What is expected: Repeat only the stretch of lines below that runs from the line with "Oral-B Pulsonic Slim" through the line with "CAgroup 350 x 1.76mm 3m 20kg/m² Lead Sheet", unaltered.

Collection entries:
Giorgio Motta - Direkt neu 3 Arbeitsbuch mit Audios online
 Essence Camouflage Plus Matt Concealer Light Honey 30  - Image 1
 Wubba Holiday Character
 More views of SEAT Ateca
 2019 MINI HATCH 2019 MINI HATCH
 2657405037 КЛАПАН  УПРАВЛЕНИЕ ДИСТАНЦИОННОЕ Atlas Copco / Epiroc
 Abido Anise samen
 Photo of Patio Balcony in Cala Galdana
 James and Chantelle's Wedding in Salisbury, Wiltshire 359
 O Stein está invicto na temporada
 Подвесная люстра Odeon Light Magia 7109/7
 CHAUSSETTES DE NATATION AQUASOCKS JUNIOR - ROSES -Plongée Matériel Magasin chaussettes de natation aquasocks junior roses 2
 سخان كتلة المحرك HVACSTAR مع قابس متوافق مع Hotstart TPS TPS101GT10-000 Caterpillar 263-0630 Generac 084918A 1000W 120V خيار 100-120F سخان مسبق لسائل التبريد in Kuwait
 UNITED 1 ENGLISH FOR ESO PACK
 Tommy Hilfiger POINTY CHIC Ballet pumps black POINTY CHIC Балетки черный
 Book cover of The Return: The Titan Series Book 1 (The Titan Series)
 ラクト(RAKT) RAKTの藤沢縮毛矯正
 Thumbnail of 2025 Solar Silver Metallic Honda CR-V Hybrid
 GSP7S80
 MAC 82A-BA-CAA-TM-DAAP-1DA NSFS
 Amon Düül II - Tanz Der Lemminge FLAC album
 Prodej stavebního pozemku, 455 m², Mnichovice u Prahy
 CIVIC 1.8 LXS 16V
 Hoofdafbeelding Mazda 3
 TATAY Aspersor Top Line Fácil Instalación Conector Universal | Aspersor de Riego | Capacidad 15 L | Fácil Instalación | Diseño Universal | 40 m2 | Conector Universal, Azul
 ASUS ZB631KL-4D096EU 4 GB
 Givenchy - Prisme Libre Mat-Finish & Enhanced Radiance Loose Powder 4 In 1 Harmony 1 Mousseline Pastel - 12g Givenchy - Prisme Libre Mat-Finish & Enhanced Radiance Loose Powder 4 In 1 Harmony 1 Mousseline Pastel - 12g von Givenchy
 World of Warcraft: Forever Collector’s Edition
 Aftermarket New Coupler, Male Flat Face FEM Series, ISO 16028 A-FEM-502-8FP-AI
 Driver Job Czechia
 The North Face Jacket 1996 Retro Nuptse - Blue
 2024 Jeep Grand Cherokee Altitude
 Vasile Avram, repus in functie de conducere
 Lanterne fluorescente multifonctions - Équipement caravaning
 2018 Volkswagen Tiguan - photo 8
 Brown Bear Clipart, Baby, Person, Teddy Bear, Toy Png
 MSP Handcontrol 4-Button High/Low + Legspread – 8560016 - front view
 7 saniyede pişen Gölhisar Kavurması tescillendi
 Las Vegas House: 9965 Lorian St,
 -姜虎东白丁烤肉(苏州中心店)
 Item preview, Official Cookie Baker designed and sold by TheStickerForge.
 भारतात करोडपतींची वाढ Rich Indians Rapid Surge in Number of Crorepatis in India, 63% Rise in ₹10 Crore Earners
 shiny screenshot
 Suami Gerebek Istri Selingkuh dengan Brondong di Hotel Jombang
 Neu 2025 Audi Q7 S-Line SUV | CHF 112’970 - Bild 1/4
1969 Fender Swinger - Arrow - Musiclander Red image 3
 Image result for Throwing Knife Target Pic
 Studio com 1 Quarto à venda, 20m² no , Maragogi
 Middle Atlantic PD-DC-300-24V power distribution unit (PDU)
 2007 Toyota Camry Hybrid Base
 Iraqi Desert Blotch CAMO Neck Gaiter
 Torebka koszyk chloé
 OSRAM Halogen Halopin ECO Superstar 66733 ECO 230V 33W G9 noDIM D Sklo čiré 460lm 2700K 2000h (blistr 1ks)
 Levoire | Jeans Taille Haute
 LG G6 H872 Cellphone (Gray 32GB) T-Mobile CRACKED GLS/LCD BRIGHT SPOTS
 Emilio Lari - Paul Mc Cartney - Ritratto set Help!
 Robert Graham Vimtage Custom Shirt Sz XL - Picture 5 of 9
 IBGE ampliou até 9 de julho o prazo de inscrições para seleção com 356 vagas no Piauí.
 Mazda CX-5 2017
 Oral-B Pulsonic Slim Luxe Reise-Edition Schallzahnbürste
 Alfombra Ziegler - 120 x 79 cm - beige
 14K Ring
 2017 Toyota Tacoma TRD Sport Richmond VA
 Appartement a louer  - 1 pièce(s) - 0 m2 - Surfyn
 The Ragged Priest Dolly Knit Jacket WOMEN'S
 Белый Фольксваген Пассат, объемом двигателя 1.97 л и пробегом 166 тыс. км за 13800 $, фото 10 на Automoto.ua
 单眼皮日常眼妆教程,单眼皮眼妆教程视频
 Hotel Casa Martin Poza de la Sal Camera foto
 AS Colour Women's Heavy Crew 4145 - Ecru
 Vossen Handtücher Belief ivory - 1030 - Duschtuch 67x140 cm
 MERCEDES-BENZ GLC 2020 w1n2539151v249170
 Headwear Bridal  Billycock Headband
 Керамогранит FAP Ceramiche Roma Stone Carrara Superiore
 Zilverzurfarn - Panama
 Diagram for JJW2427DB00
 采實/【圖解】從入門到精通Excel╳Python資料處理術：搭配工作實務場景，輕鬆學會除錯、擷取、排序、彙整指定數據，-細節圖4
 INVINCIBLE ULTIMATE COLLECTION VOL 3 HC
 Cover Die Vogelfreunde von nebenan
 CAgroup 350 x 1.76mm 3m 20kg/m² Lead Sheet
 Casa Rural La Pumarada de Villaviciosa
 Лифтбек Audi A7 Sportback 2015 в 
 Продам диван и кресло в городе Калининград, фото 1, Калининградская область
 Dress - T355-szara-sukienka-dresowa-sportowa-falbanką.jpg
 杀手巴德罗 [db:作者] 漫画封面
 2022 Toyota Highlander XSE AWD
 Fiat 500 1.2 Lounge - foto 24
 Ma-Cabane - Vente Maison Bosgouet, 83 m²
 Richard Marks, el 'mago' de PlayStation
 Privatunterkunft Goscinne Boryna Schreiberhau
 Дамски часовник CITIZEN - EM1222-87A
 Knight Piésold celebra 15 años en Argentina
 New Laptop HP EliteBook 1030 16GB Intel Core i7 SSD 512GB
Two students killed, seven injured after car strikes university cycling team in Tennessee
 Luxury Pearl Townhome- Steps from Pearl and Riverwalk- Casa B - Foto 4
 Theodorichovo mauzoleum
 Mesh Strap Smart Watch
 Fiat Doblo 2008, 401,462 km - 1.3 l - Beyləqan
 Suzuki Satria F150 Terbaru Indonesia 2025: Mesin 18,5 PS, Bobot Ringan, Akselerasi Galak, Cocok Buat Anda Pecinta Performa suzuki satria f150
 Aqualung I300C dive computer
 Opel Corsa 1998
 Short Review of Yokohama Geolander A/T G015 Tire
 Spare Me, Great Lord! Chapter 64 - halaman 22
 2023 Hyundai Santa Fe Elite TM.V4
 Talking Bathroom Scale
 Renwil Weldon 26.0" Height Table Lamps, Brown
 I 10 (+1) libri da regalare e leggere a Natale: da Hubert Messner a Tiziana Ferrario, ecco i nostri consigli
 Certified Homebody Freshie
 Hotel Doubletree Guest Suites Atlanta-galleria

Answer section:
 Oral-B Pulsonic Slim Luxe Reise-Edition Schallzahnbürste
 Alfombra Ziegler - 120 x 79 cm - beige
 14K Ring
 2017 Toyota Tacoma TRD Sport Richmond VA
 Appartement a louer  - 1 pièce(s) - 0 m2 - Surfyn
 The Ragged Priest Dolly Knit Jacket WOMEN'S
 Белый Фольксваген Пассат, объемом двигателя 1.97 л и пробегом 166 тыс. км за 13800 $, фото 10 на Automoto.ua
 单眼皮日常眼妆教程,单眼皮眼妆教程视频
 Hotel Casa Martin Poza de la Sal Camera foto
 AS Colour Women's Heavy Crew 4145 - Ecru
 Vossen Handtücher Belief ivory - 1030 - Duschtuch 67x140 cm
 MERCEDES-BENZ GLC 2020 w1n2539151v249170
 Headwear Bridal  Billycock Headband
 Керамогранит FAP Ceramiche Roma Stone Carrara Superiore
 Zilverzurfarn - Panama
 Diagram for JJW2427DB00
 采實/【圖解】從入門到精通Excel╳Python資料處理術：搭配工作實務場景，輕鬆學會除錯、擷取、排序、彙整指定數據，-細節圖4
 INVINCIBLE ULTIMATE COLLECTION VOL 3 HC
 Cover Die Vogelfreunde von nebenan
 CAgroup 350 x 1.76mm 3m 20kg/m² Lead Sheet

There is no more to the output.